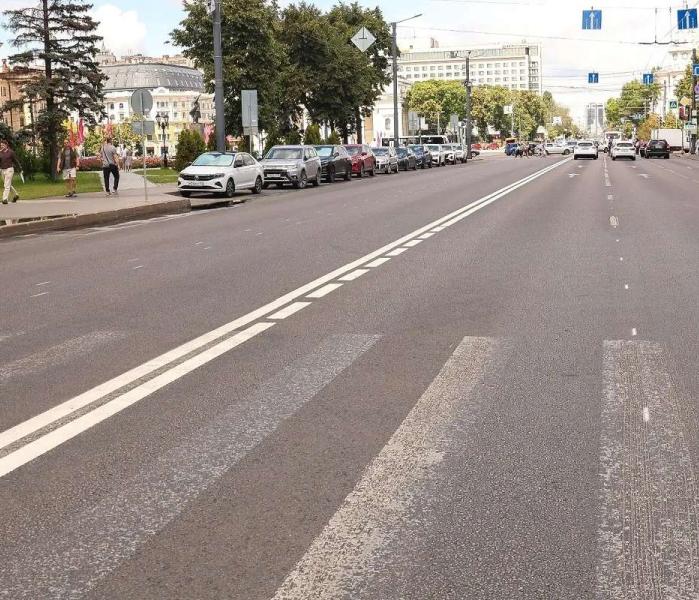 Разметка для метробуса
****
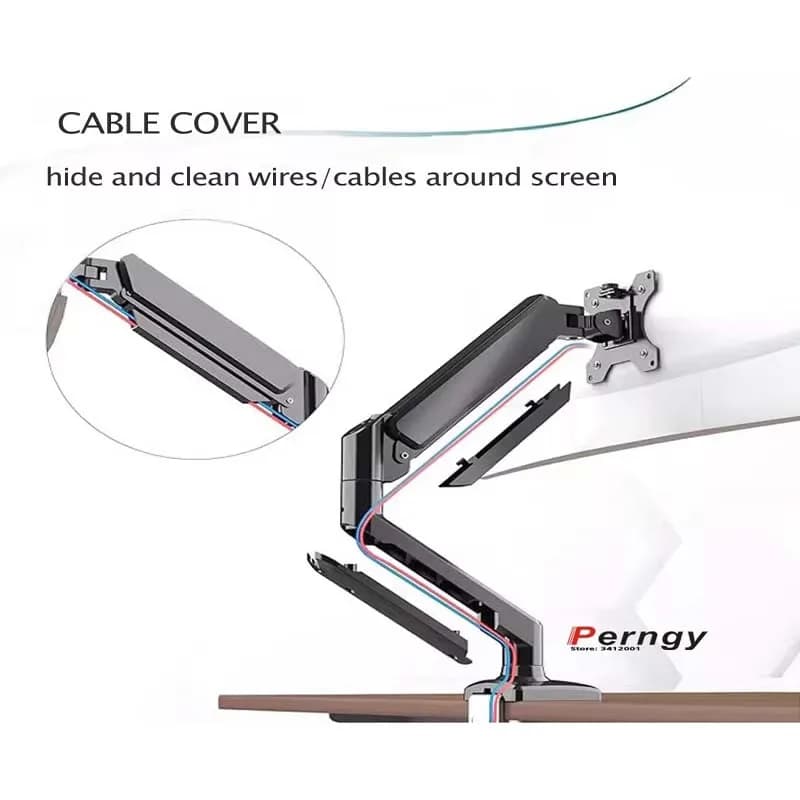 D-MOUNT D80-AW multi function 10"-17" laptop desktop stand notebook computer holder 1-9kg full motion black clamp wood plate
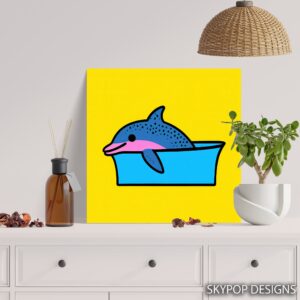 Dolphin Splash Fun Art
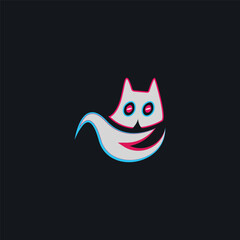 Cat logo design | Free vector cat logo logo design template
****
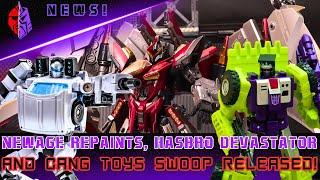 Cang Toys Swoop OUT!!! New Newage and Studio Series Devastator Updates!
****
→ **EXERCISE REQUIREMENTS**: Within the material above, find the part that opens with the line containing "D-MOUNT D80-AW multi" and closes with the line containing "Cat logo design", and reproduce it exactly without the pictures.

→ **RESULT OF THE TASK**:
 D-MOUNT D80-AW multi function 10"-17" laptop desktop stand notebook computer holder 1-9kg full motion black clamp wood plate
 Dolphin Splash Fun Art
 Cat logo design | Free vector cat logo logo design template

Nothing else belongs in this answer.